Semantic Search with Embedding Models: A Practical Tutorial

Overview

Semantic search replaces brittle keyword matching with meaning-aware retrieval. Instead of counting word overlaps, we embed queries and documents into a vector space where similar meanings are close together. In this tutorial, you will learn the core ideas behind embedding models, how to prepare data, build an index, choose similarity metrics, evaluate quality, and scale a system from prototype to production.

What you will build:

A minimal semantic search pipeline using Python with FAISS
A SQL-based variant using PostgreSQL with pgvector
An end-to-end retrieval pipeline that supports hybrid (BM25 + embeddings) and re-ranking

By the end, you will understand not just how to implement semantic search, but also how to make pragmatic engineering decisions about models, indexing, evaluation, and operations.
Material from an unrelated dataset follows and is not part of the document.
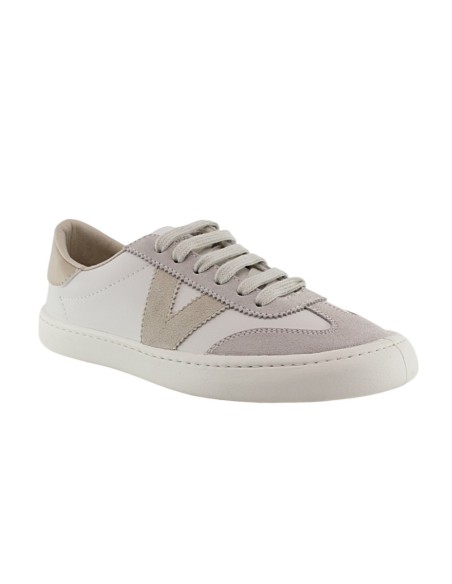 Calzado BAREFOOT Victoria Olmo Hielo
How embeddings power semantic search

Embedding models map text to dense vectors, typically 256–1536 dimensions. Semantically related texts end up near each other, allowing nearest-neighbor search to retrieve relevant items even when exact keywords do not match.

Typical flow:

Ingest content (documents, FAQs, product listings, tickets).
Chunk content into passages (e.g., 200–400 tokens).
Encode each passage into a vector and store alongside metadata.
At query time, encode the user query, search the vector index for nearest neighbors, and return top-k passages.
Optionally apply a cross-encoder re-ranker and assemble final answers.
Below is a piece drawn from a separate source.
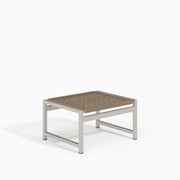 Tropitone Cabana Club Rope Ottoman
Choosing an embedding model

Pick a model that matches your language, latency, and cost constraints. Common categories:

Small, fast, general-purpose: all-MiniLM-L6-v2 (384d), e5-small, bge-small-en-v1.5
Strong English retrieval: e5-base, bge-base-en-v1.5, mxbai-embed-large
Multilingual: LaBSE, distiluse-base-multilingual, bge-m3, e5-multilingual
Domain-tuned: models fine-tuned on finance, legal, or code

Guidelines:

Start small for baseline latency and cost; upgrade only if quality demands it.
Prefer models trained for retrieval tasks (contrastive learning with hard negatives).
Use multilingual models if your corpus or users are cross-language.
Keep vectors reasonably sized (384–768 dims) unless you truly need larger.

Data preparation and chunking

Chunking is as important as model choice.

Split by semantic boundaries first (headings, paragraphs). Fall back to token-based splits.
Typical chunk: 200–400 tokens with 20–40 token overlap to preserve context across boundaries.
Store rich metadata: title, section, URL, timestamps, product IDs, language code, permissions.
Normalize text: lowercase, trim whitespace, normalize unicode. Keep punctuation when helpful.
Deduplicate aggressively (minhash or embedding-based clustering) to avoid repetitive results.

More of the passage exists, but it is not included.